Figure 6. Gene significance and network position implicate MAPK11 as a molecular entry point to vocal learning mechanisms.

(A) The 20 genes with the highest to lowest gene significances to tutor similarity (sorted from top to bottom) are shown. Each column represents a bird and columns are sorted in order of increasing tutor similarity from left to right. Gene expression is scaled such the highest and lowest expression across samples have the brightest shade of red or blue, respectively. (B) Expression of MAPK11 is replotted, here separated by virus group and then sorted by increasing tutor percentage similarity. (C) The FoxP2 binding sequence as annotated by the JASPAR database (top) and a potential binding site found in the MAPK11 ‘promoter’. (D) Amplification of genomic DNA (‘Genomic’) with primers for a region of the MAPK11 ‘promoter’ that contains a putative FoxP2 binding site enrich a fragment of predicted size (red arrowhead) in the pull-down lane (FoxP2) but not the control (IgG) lane. (E) MAPK11 and its 10 closest network neighbors, including green learning-related module members and hub gene ATF2, as defined by topological overlap.

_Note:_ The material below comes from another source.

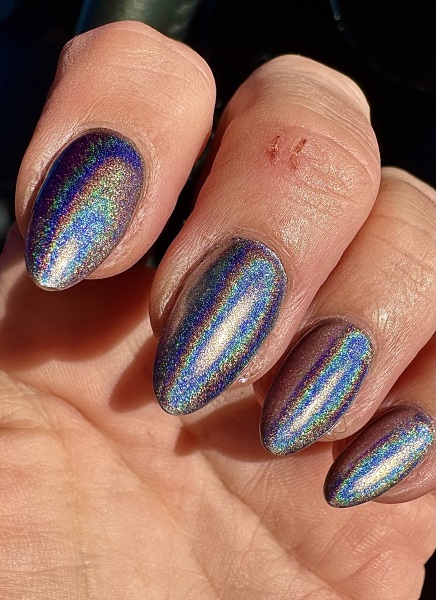 I want to see your nails!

Figure 6—source data 1. The sorted gene expression data as presented in panel 6A.
Columns are ordered from left to right by increasing tutor percentage similarity attained by that bird. Rows are sorted by the gene’s significance to learning.
DOI: 10.7554/eLife.30649.031

Figure 6.

Figure 6—figure supplement 1. MAPK11 PCR Product Sequencing.

Figure 6—figure supplement 1.

The MAPK11 NCBI RefSeq sequence (highlighted in grey) contains a potential FoxP2 binding motif (red). Genomic DNA was isolated and subjected to PCR with primers (highlighted in yellow) amplifying the region of interest. The product of each primer was sequenced showing our primers amplify a fragment containing the proposed FoxP2 binding motif.